Search code examples
pythonpytorchmulticlass-classificationcross-entropy

Cross-entropy loss with varying number of classes


Is there a standard/efficient way in Pytorch to handle cross-entropy loss for a classification problem where the number of classes depends on the sample?

Example: In a batch of size 3, I have:

logits1 = [0.2, 0.2, 0.6],      labels1 = [0, 0, 1]
logits2 = [0.4, 0.1, 0.1, 0.4], labels2 = [1, 0, 0, 0]
logits3 = [0.2, 0.8],           labels3 = [1, 0]

I am looking for the right way to compute cross_entropy_loss(logits,labels) on this batch.


Solution

  • Cross entropy loss is used when a single output class is being predicted.
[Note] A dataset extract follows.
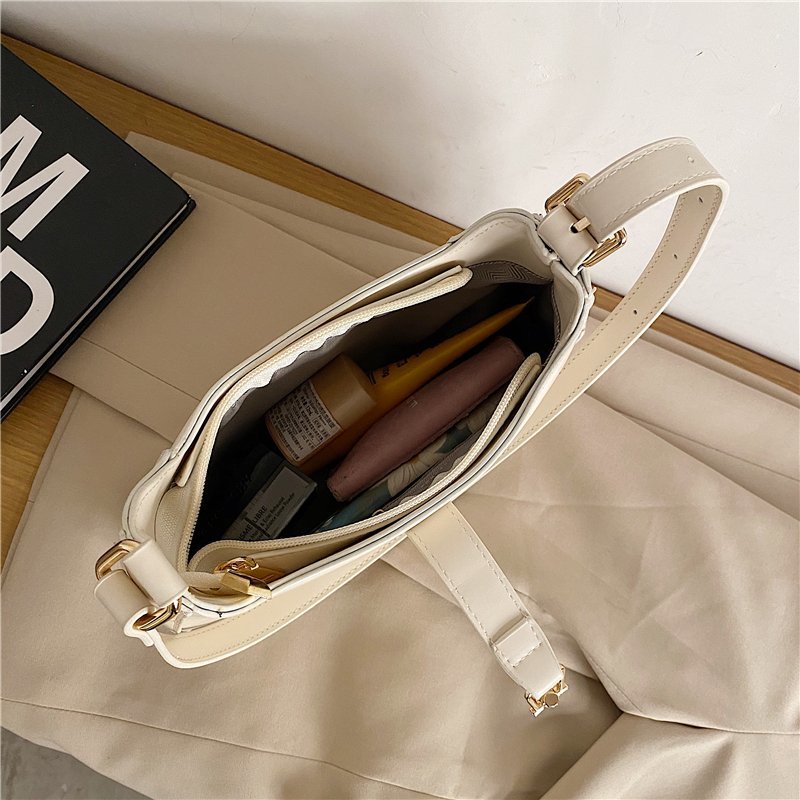 Asverra Rivoire Shoulder Bag - Asverra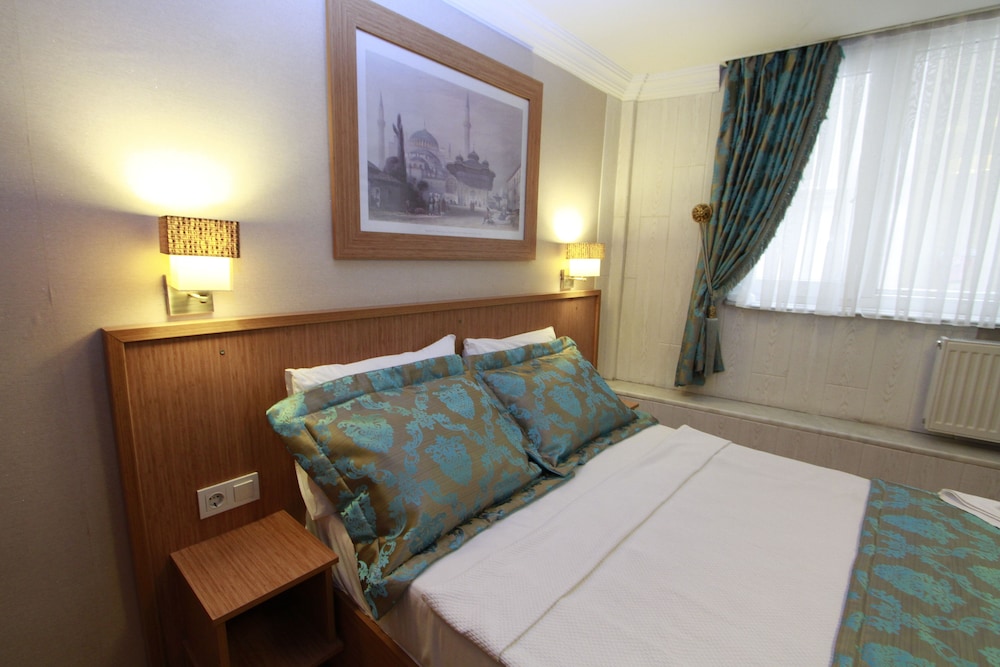 Agora Boutique Hotel & Bistro 16/50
When you say the number of classes depends on the sample, I assume you mean a situation where the number of logits is different for each sample is different, but we are still in a cross entropy situation where each sample has one correct class.

    In this case you can simply pad the samples with -inf which will be ignored in the cross entropy loss calculation.

    # start with our sequences
    sequences = [
        [0.2, 0.2, 0.6],
        [0.4, 0.1, 0.1, 0.4],
        [0.2, 0.8]
    ]
    sequences = [torch.tensor(i) for i in sequences]
    
    # represent labels as class int values
    # this is required for pytorch's crossentropyloss
    labels = torch.tensor([2, 0, 0]).long()
    
    # pack sequences into a square batch
    # fill padding values with `-inf`
    padding_value = float('-inf')
    sequences_padded = torch.nn.utils.rnn.pad_sequence(sequences, batch_first=True, padding_value=padding_value)
    
    # create `CrossEntropyLoss` with `reduction='none'`
    # this makes the loss return the value for each input (ie no averaging) 
    # so we can compare values
    loss = nn.CrossEntropyLoss(reduction='none')
    
    # compute loss on individual sequences without padding
    l1 = torch.stack([loss(sequences[i], labels[i]) for i in range(labels.shape[0])])
    
    # compute loss on padded sequences
    l2 = loss(sequences_padded, labels)
    
    # check values match
    assert torch.allclose(l1, l2)
    

    This works because cross entropy computes exp(i) for all values in the input, and exp(-inf) evals to 0. Because of this, the padding values have no impact on the output loss.